Hinter den Parallelen, die sich beim Lesen ab und an regelrecht aufdrängen, stehen durchaus unterschiedliche Hintergründe und Motivationen, aber ich hätte mir gewünscht, dass sich die Geschichte noch viel klarer von dem dystopischen Bestseller "Die Tribute von Panem" abhebt.

Ich hätte gerne mehr darüber erfahren, warum die Regierung überhaupt zu solch drastischen Maßnahmen greift. Ja, nach den ganzen Kriegen will man das Regieren, Forschen und Lehren nur den fähigsten überlassen, aber ginge das nicht auch anders?
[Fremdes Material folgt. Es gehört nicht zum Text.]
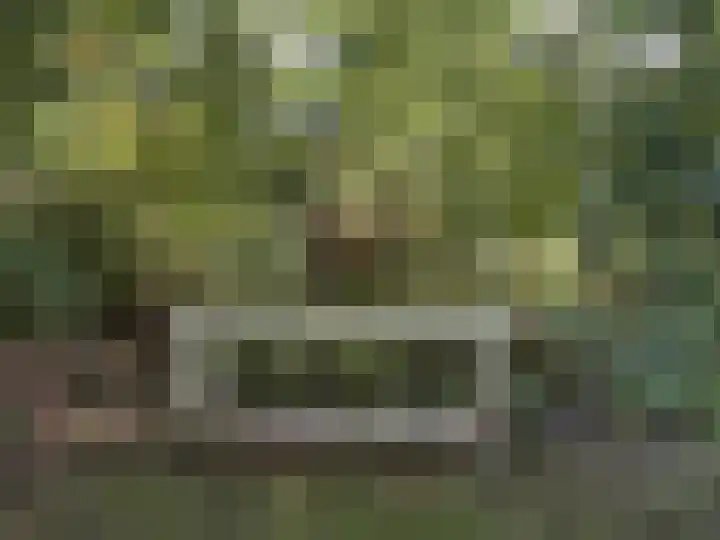 Sint Maartensweg 40 h3 Sint Maartensvlotbrug thumbnail 7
Besonders, da anscheinend jeder Mensch händeringend gebraucht wird? Statt jemanden umkommen zu lassen, könnte man ihn doch einfach als nicht tauglich erklären und ihn heimschicken? Aber vielleicht kommt da noch mehr in den nächsten beiden Büchern.
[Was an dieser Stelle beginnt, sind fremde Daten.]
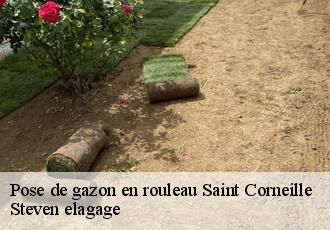 Pose de gazon en rouleau  saint-corneille-72460 Steven elagage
Die Liebesgeschichte hat mich nicht ganz überzeugt - sie kam ein bisschen plötzlich und blieb dann eher mau. Überhaupt sind für mich die Emotionen eins der Mankos an dem Buch. Der Verstand sagt beim Lesen oft: "Das ist schrecklich!", aber wirklich tief berührt hat es mich oft nicht. Wenn ich da doch mal wieder einen Vergleich mit Panem bemühe: da habe ich manchmal Rotz und Wasser geheult, was hier nie passiert ist.

Das englische Cover gefällt mir noch ganz gut, aber das deutsche leider überhaupt nicht. Zum einen sieht die abgebildete Frau, die ja sicher Cia darstellen soll, deutlich älter als sechzehn aus. Außerdem hat Cia hellbraune Haare und ist klein und zierlich, und ich finde, sie kommt hier zu aggressiv rüber.

Zusammenfassung:
Wer "Die Tribute von Panem" (oder andere Dystopien) mag, liegt mit "Die Auslese" sicher nicht ganz falsch, wenn er über die Parallelen hinwegsehen kann - obwohl ich sagen muss, dass mich "Panem" emotional viel mehr und tiefer berührt hat.